The lift is located in an open grassy area containing some low scrub and a few trees.

== Heritage listing ==
Carmila Cane Lift was listed on the Queensland Heritage Register on 5 February 2010 having satisfied the following criteria.

The place is important in demonstrating the evolution or pattern of Queensland's history.

The Carmila cane lift, located near Sarina, is one of a group of lifts in the Mackay/Whitsunday region, one of Queensland's oldest and most productive sugar cane growing areas. Historically, sugar has been one of the State's most important agricultural commodities. The lifts are important in demonstrating the evolution of the industry in that they provide evidence of how harvested cane was transported before the introduction of mechanical chopper harvesters. Sugar cane was originally harvested and transported to mills as whole stalks. The lifts were used to hoist bundles of stalks into tram or train wagons. They became redundant after the universal adoption of chopper harvesters from the 1960s. The Carmila lift is located on the route of the former Plane Creek Mill tramway, established by the mid 1920s.
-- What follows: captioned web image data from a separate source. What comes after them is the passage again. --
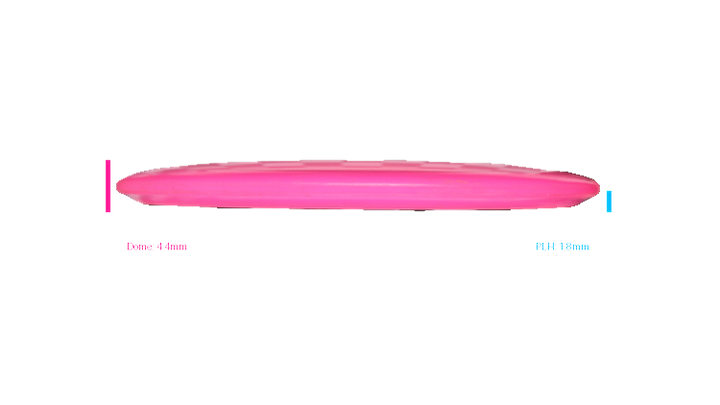 USED Westside Discs VIP Tursas Midrange Profile View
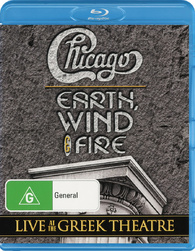 Chicago and Earth, Wind and Fire: Live at the Greek Theatre Blu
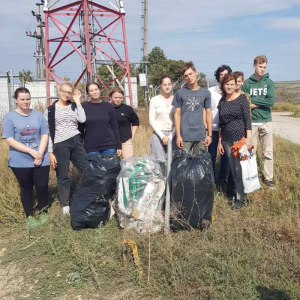 Ziua Curățeniei Mondiale continuă în or. Căinari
The place is important in demonstrating the principal characteristics of a particular class of cultural places.

The Carmila cane lift is important in demonstrating the principal characteristics of a Tracey lift. Cane lifts took two basic forms: a derrick with a swinging boom, and a horizontal beam supported by two upright posts. The Tracey lift took the latter form and was powered by a truck backed under the lift so its back wheels engaged with rollers set into the ground. The lift at Carmila is an intact example of this type and includes the roller mechanism, pulley with cable and a hook.